Tandis qu'elle dansait sans musique, Percy dut ramasser les jetons des joueurs à ses côtés qui n'avaient pas autant de chance qu'elle, dépassant la valeur visée. Et quelle ne fut pas la joie de Candice lorsque le croupier tira la carte de la banque, ajoutant à son 8 une dame, éliminant tous les joueurs en dessous de la valeur et faisant la figure du... BLACK JACK ! EEET C'EST GAGNEEEEE ! QUI A LE PLUS DE CHANCE ? BIBIIII !

Louis, comme à son habitude quand Candice gagnait avec sa fortune habituelle, eut un grand sourire en applaudissement fortement. Tu vas finir par nous ruiner !

Percy fronça les sourcils. Black Jack ? Je vois pas de Black Jack moi !

C'est la figure que tu as sorti, andouille !

La dame là ? Mais elle est rouge sir ! Qui vous dit qu'elle s'appelle Jack d'abord ?

Louis était définitivement très clément avec ses sujets, Tandis que Candice regardait sur sa montre, remarquant qu'il était déjà midi passé depuis peu, elle laissa Louis tester sa patience en explications avant de reprendre la partie.

Alors, elle se remit à jouer avec la même confiance sinon plus, misant cette fois-ci la moitié des pétales qu'elle avait désormais. Et avec un sourire encore plus grand, elle remarqua exactement les mêmes cartes qu'à la première partie : un roi et un 7. Le hasard ou un excès définitivement grand de chance ? La jeune femme n'eut pas la réponse exacte mais elle en profitait à son aise. C'est donc sans aucune crainte qu'elle demanda une troisième carte... Mais manqua de s'étouffer en voyant ce qu'elle obtenu.

Un 10 ! Mince, j'étais sûre que j'allais tomber juste, j'avais les mêmes cartes ! Déçue, elle tapa sur la table, alors que Louis haussa les sourcils avec un sourire amusé.

La chance ne sourit pas toujours. 27, c'est perdu, ça arrive aux meilleurs... même à toi ! Déclara-t-il tandis qu'elle voyait ses pétales partir dans les mains de Percy.

Candice fut surprise d'entendre un chat miauler dans son dos, le groupe remarquant en enfin l'animal noir en se retournant, entrant dans le casino par on ne savait quel moyen. Le joueur à la droite de Candice avait sorti un revolver, qu'il arma aussitôt et s'en serait bien servi si la barmaid ne l'avait pas baissé aussitôt. On ne flingue pas un chat gros taré !

Louis claqua sa langue contre son palet. Dorian.. j'ai dit qu'on ne tire que sur les araignées !

Candice tourna la tête vers lui, sourcils froncés. Et tu t'étonne que la police vient régulièrement voir si tout va bien ?

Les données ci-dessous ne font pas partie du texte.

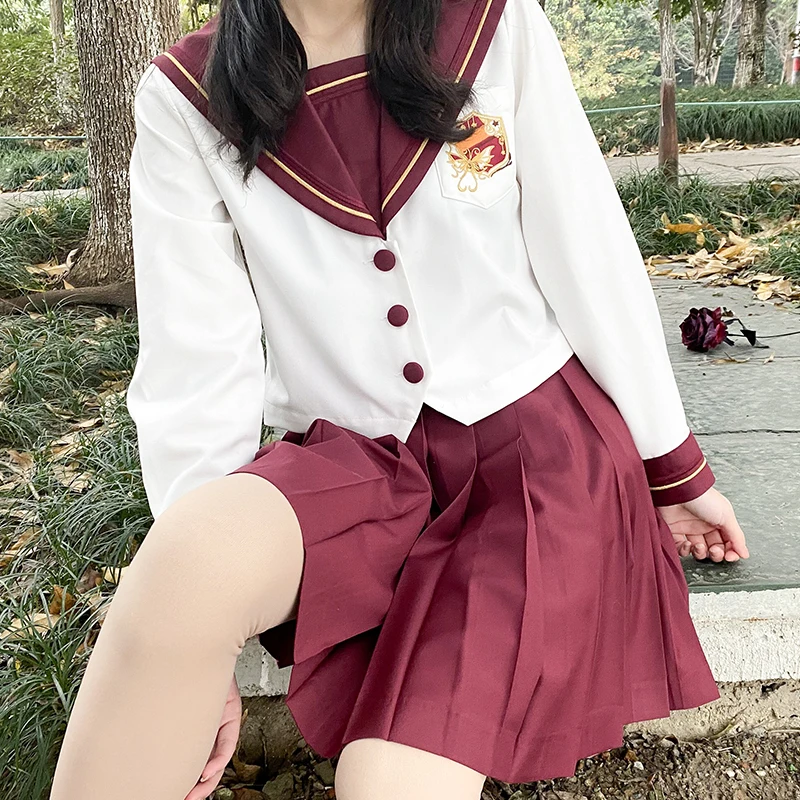 Японская школьная форма Jk бабочка вышивка Лолита Сейлор костюм красный Seifuku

Un incident qui lui fit presque oublier la perte de la moitié de ses pétales, pour un coup de malchance qui ne lui arrivait pourtant rarement. Alors, visage sérieux et dents serrées, elle avait joué les parties suivantes avec toute sa prudence et sa concentration. Et petit à petit, son sourire de triomphe se redessinnait, gagnant plus de la moitié des parties qui suivaient durant l'après-midi jusqu'au soir qui approchait. Son stock de pétales commençait alors à grandir de plus en plus, à deux doigts de rivaliser avec celui de Louis quand....

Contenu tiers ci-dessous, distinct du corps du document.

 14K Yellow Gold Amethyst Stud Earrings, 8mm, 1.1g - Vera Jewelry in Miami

NON PAS UN 22 ! A UN POINT PRES J'AVAIS TOUT GAGNE ! S'écria-t-elle alors qu'elle venait justement de perdre le tiers de ses gains, ne remarquant pas le nouveau chat noir qui regardait l'intérieur du casino depuis un rebord de fenêtre.

D'un air boudeur, elle rendit alors les pièces de faux rubis qu'elle avait misé et perdu, et dut se contenter de terminer la partie sur cette note, l'heure d'ouverture de l'établissement arrivant enfin. Louis vint poser une main sur son épaule, ne se départissant pas de son sourire amusé.

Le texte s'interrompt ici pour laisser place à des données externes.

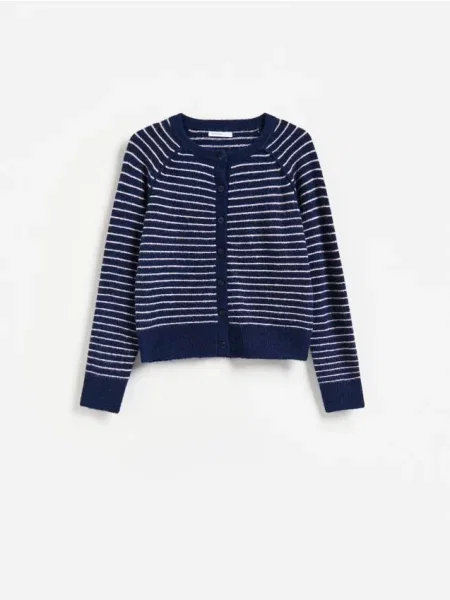 Reserved Cardigan în dungi bleumarin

Quel suspense ! Ne sois pas aussi triste, les journées avec Candice Brooke dans les tournois font parti des meilleures !

Candice haussa les épaules, lui adressant tout de même un sourire. Je sais. Tu ne perds rien pour attendre, la prochaine fois que je viendrai, je gagnerai. Même si Newt et Gryf réunissent leurs portes-bonheurs contre moi.

Elle lui fit alors un clin d'oeil, avant de reprendre son sac, repensant à ce mystérieux chat qui avait échappé à l'arme de Dorian en revoyant les poils discrets qui trainaient là où il s'était tenu. Où était-il passé ? Elle haussa les épaules, ne s'attardant pas sur cette reflexion, pouvant se cacher n'importe où dans cette ville. Ce n'était qu'un chat après tout.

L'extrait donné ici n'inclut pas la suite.